Records from a collection
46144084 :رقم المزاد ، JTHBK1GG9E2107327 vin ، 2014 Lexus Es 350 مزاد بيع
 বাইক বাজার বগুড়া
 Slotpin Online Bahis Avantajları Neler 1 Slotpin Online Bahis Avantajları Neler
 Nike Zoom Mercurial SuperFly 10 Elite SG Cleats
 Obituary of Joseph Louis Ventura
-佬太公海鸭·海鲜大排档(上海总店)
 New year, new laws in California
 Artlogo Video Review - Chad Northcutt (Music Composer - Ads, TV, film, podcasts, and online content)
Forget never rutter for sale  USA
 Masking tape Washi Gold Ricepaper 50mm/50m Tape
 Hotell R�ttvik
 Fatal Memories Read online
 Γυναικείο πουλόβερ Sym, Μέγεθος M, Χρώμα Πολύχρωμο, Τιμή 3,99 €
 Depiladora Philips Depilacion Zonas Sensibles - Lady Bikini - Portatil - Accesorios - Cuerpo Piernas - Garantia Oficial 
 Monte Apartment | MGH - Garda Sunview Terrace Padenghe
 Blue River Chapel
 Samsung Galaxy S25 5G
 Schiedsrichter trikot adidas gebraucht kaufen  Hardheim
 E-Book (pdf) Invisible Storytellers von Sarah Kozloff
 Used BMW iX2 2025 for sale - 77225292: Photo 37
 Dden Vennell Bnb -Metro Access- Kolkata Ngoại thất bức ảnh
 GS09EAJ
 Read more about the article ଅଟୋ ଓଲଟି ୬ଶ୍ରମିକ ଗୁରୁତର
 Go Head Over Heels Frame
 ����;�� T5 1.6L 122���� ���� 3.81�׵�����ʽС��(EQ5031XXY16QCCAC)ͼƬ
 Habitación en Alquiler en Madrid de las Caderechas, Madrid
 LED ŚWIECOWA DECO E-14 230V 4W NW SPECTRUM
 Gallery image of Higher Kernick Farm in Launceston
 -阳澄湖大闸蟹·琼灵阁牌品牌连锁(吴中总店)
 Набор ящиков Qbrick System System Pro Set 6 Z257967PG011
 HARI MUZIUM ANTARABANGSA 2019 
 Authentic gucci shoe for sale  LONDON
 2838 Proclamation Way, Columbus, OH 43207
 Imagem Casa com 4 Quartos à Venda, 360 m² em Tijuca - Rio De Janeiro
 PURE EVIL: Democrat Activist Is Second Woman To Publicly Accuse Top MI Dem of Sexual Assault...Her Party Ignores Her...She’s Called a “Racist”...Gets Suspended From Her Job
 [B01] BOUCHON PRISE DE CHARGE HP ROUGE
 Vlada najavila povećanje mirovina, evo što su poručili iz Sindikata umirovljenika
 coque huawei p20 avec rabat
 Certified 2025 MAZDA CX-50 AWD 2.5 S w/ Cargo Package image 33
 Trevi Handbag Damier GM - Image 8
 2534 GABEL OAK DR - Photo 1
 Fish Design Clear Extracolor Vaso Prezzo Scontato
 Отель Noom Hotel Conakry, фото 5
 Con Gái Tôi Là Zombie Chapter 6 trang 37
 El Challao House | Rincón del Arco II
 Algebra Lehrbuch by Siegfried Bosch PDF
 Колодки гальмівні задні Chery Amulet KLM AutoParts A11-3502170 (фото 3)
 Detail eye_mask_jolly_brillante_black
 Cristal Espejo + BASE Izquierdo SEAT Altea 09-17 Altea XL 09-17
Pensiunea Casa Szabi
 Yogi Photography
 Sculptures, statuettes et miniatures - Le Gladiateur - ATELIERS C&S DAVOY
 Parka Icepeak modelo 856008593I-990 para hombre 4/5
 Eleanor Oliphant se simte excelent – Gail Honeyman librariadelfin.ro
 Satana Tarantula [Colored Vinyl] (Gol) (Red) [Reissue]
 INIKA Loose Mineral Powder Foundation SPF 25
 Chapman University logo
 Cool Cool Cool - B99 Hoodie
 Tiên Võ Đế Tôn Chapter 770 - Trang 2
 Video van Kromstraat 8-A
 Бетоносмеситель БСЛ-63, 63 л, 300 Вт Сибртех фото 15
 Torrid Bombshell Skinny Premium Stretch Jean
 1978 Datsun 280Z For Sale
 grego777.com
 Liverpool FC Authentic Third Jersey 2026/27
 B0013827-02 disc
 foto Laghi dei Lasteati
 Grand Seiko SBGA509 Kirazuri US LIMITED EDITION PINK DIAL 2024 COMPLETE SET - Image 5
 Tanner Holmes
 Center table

● What the task requires:
How many lines of the entries include the string "фото"? Answer with a number and no other words.

● Response to this exercise:
3